Tobacco is dangerous to your health no matter how you smoke it. Replacing your cigarette with a cigar, pipe, or hookah does not reduce your health risks. Substances that tobacco contains harm, not just the lungs but practically every part of the body.
HARMFUL EFFECTS OF SMOKING TOBACCO ARE:
- Lung disease called COPD, which includes emphysema and chronic bronchitis.Smoking damages your heart and your blood circulation leading to heart attacks, stroke and peripheral vascular disease (damaged blood vessels).
- Cigarette smoking causes most cases of lung cancer.
IN FACT, IT CAN CAUSE CANCER ALMOST ANYWHERE IN YOUR BODY SUCH AS ORAL CAVITY, ESOPHAGUS, STOMACH, PANCREAS, COLON, KIDNEY, LIVER, BLADDER, BLOOD CANCERS AND MANY MORE.
- In men, smoking can cause impotence. It can also reduce the fertility of both men and women.
Smoking also affects the health of people who are around someone who smokes.
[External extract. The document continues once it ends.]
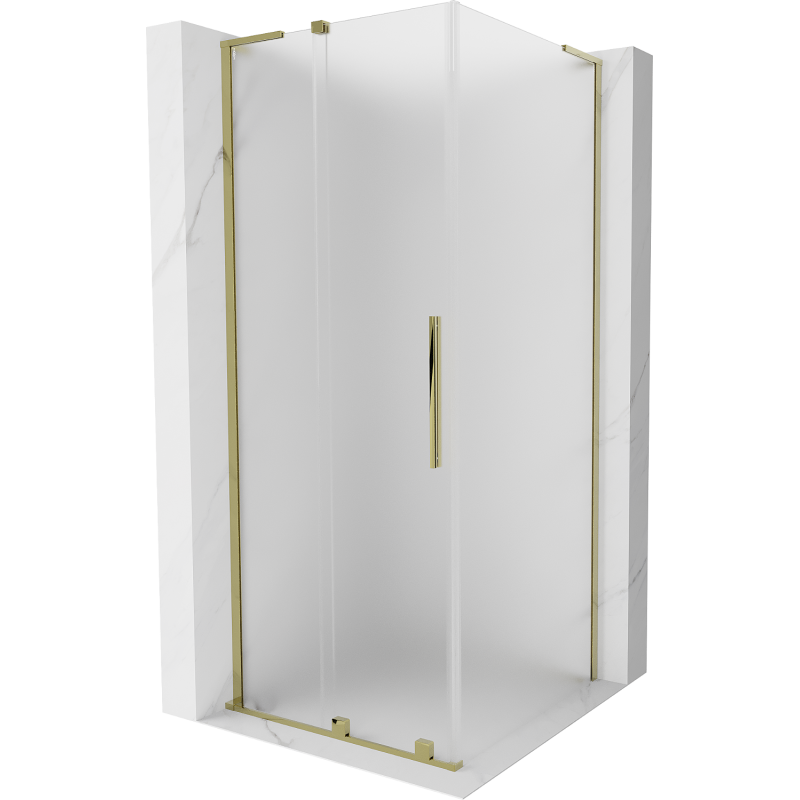 Mexen Velar L sliding shower cabin 100 x 100 cm, frost, gold - 871-100-100-33-50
This is called “secondhand smoke”, or “passive smoking”. Secondhand smoke carries the same risk to a nonsmoker as someone who does smoke.
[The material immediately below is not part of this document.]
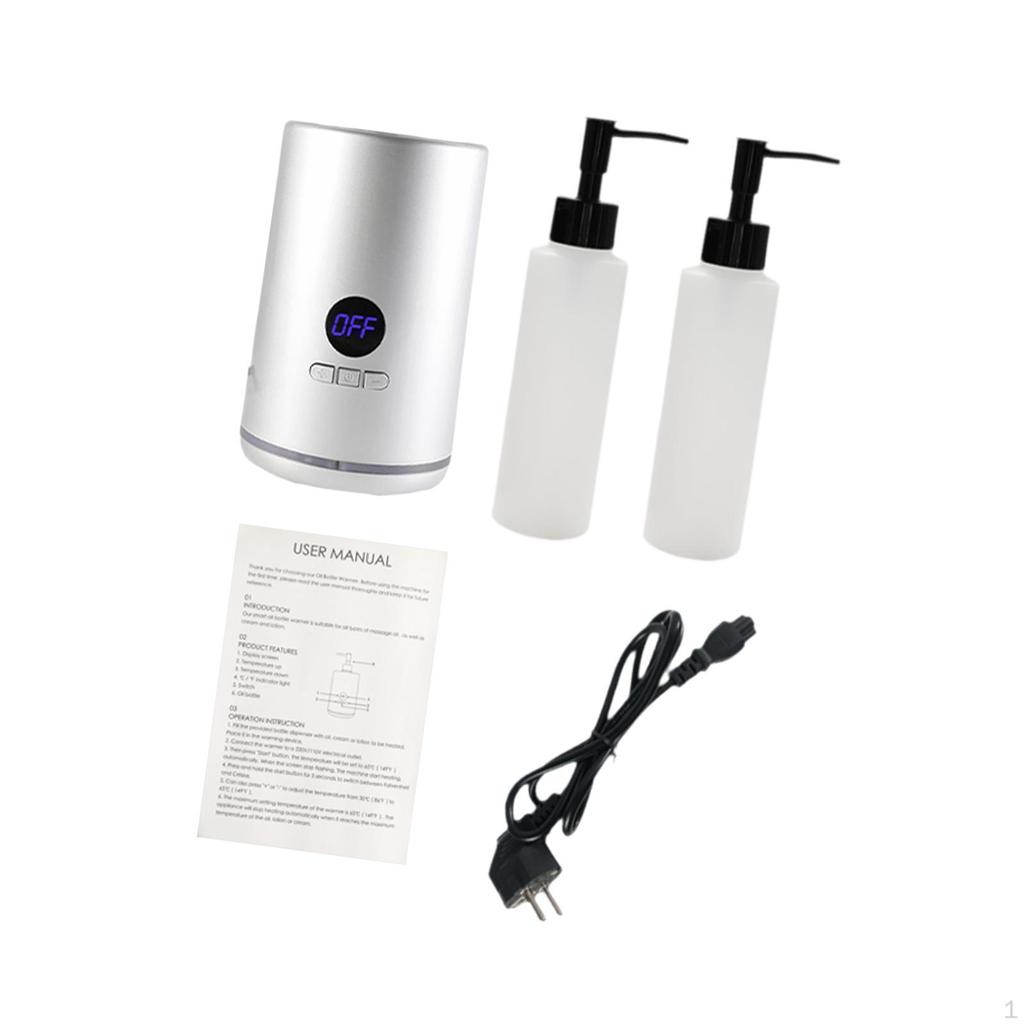 Single Bottle Massage Oil Heater with Bottles Accessories Warmer White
If you smoke when you’re pregnant, there is an increased risk of miscarriage, premature birth, a low birth weight baby and stillbirth.
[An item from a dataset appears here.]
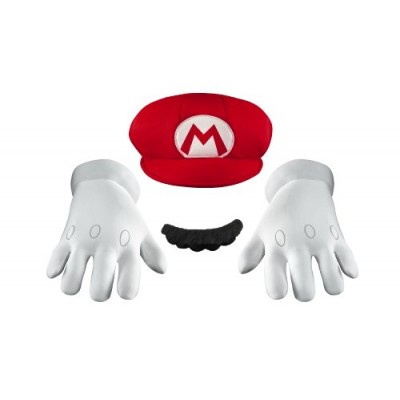 Disguise Men's Nintendo Super Mario Bros.Mario Adult Costume Accessory Kit, Red/White/Brown, One Size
THE GOOD NEWS IS THAT QUITTING SMOKING CAN REVERSE MANY HARMFUL EFFECTS.
- The risk for heart attack drops sharply after quitting for one year.
- If you quit smoking, your risks for cancers of the mouth, throat, esophagus, and bladder drop by half within 5 years.
- Your risk for stroke reduces to about that of a nonsmoker after quitting for 2 to 5 years.
- Ten years after you quit smoking, your risk for lung cancer drops by half.
So, if you smoke, stub out the last cigarette and start the process of smoking cessation. Talk to your health care provider about a plan to help you quit smoking. There are a variety of nonprescription and prescription medications that can help you quit.
I can assure you that smoking cessation will be the most important step you can take to living a longer and healthier life.
DISCLAIMER:
The information is intended to provide general education for patients and their families. The information provided does not constitute medical or healthcare advice for any individual and is not a substitute for medical and other professional advice and service.